- INSTRUCTIONS TO FOLLOW -
Please print all of the records that follow with nothing altered.

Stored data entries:
►

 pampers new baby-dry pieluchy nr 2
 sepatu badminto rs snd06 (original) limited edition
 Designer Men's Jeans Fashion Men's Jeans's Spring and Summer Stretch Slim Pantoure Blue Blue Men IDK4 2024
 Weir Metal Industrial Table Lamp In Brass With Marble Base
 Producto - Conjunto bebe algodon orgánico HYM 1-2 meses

◄

- ANSWER BOX -
 pampers new baby-dry pieluchy nr 2
 sepatu badminto rs snd06 (original) limited edition
 Designer Men's Jeans Fashion Men's Jeans's Spring and Summer Stretch Slim Pantoure Blue Blue Men IDK4 2024
 Weir Metal Industrial Table Lamp In Brass With Marble Base
 Producto - Conjunto bebe algodon orgánico HYM 1-2 meses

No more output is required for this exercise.